Güncelleme Tarihi:
Yakın geçmişte ekonomik kriz, artan işsizlik ve yolsuzluk skandallarıyla sarsılan İspanya için tek umut AB dönem başkanlığı. Ancak van Rompuy ve Ashton, Madrid’in amaçlarına ulaşmasına engel olabilir.
İspanyolların bu yeni görevle üstlenecekleri çok büyük sorumlulukları olacak. Çok tartışılan Lizbon Anlaşması’nın nihayet yürürlüğe girdiği bu dönemde yeni sistemin gerektirdiği yasaların uygulamaya konması gerekiyor.
Artık Avrupa Konseyi’nin kalıcı bir başkanı (van Rompuy) ve bir de dış politika şefi (Ashton) var. Hem van Rompuy hem de Ashton parlak diplomatlardan çok becerikli teknokratlar olarak tanınıyor. Bugünden itibaren, Lizbon Anlaşması gereğince Brüksel’deki önemli toplantılar bu ikili tarafından yönetilecek. Bu da İspanya’nın rolünün azalacağı anlamına geliyor.

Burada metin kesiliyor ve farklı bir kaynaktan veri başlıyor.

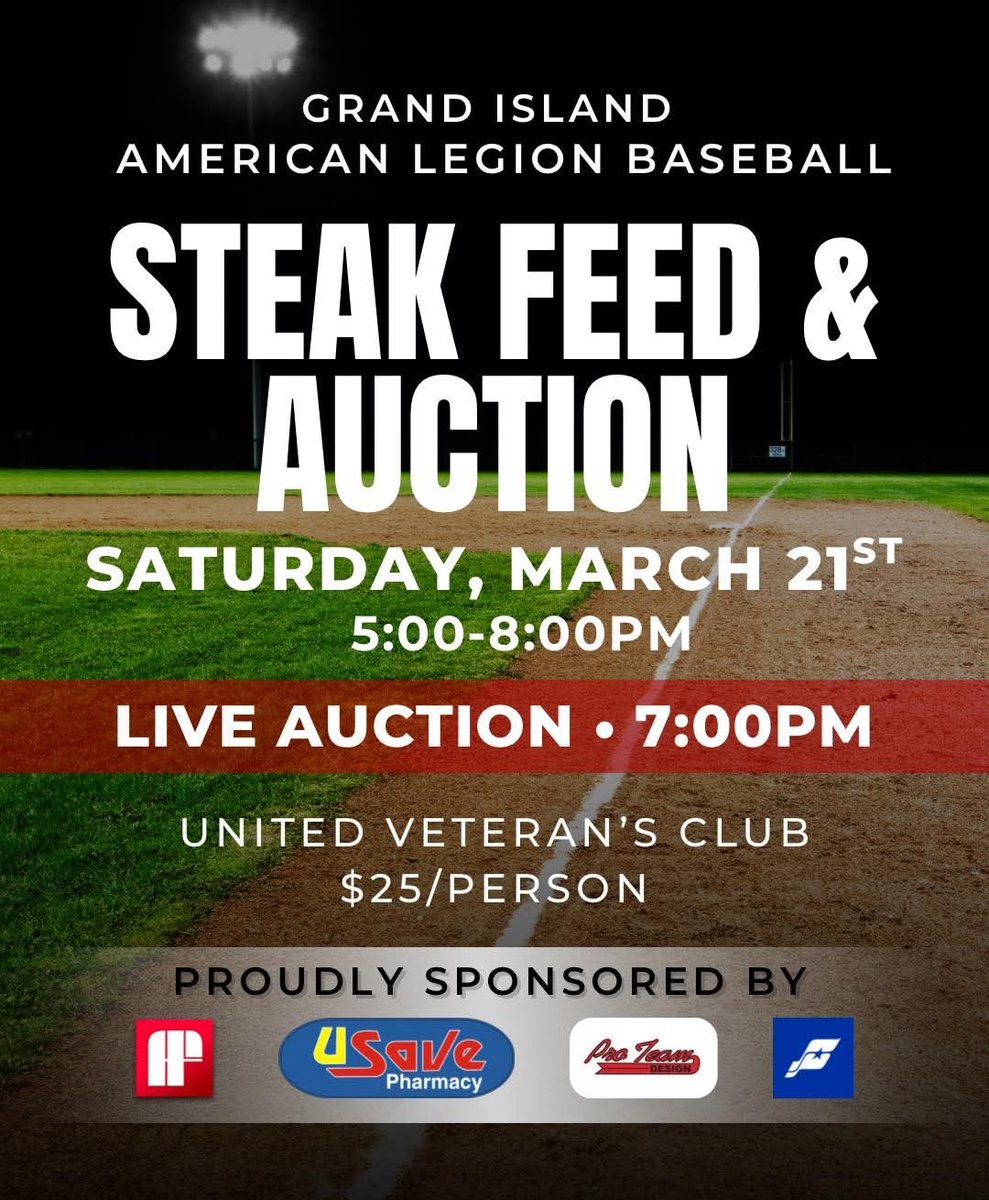 GI Legion Baseball tweet media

İspanya, dönem başkanlığını devralmak için çok hevesliydi. Hatta AB işlerinden sorumlu devlet bakanı Diego Loper Garrido “Guinness zirveler kitabına” gireceklerini bile söylüyordu. Ancak Peters, bugün itibariyle bu hevesten geriye ne kaldığının belli olmadığını ifade ediyor. Zira artık İspanya van Rompuy-Ashton ikilisini desteklemeye hazırlanıyor.
Dışişleri Bakanı Miguel Angel Moratinos’un sözleriyle İspanya’nın yeni düsturu “rekabet yerine koordinasyon” olacaktı. Moratinos Madrid’in van Rompuy’u destekler bir pozisyona geleceğini ve görevlerini “alçak gönüllülük ve ihtiyat”la yerine getireceğini belirtmişti.
Yine de Başbakan José Luis Rodríguez Zapatero’nun dış politikada ufak bir ışıltıdan faydalanabileceğini söylemek mümkün. Zapatero, 2004 yılında göreve geldiğinden beri en zorlu yılını 2009’da geçirdi. Başbakanlığı süresince Zapatero, İspanya’nın siyasi kültürünün liberalleşmesini ve dönüşmesini sağladı. Bu sayede Başbakan Mayıs ayında, ABD Başkanı Barack Obama’dan bir toplantı koparmayı başardı.
Aylar boyunca İspanya küresel ekonomik krizin altında kıvrandı. Emlak piyasasının yıkılışı b durumu daha da kötüleştirdi. İspanya’daki işsizlik Avrupa ortalamasının neredeyse iki katı. Ülkedeki iş gücünün yüzde 20’si, yani 4 milyondan fazla kişi işsiz. Bu listede İspanya’nın üzerinde bir tek Letonya var.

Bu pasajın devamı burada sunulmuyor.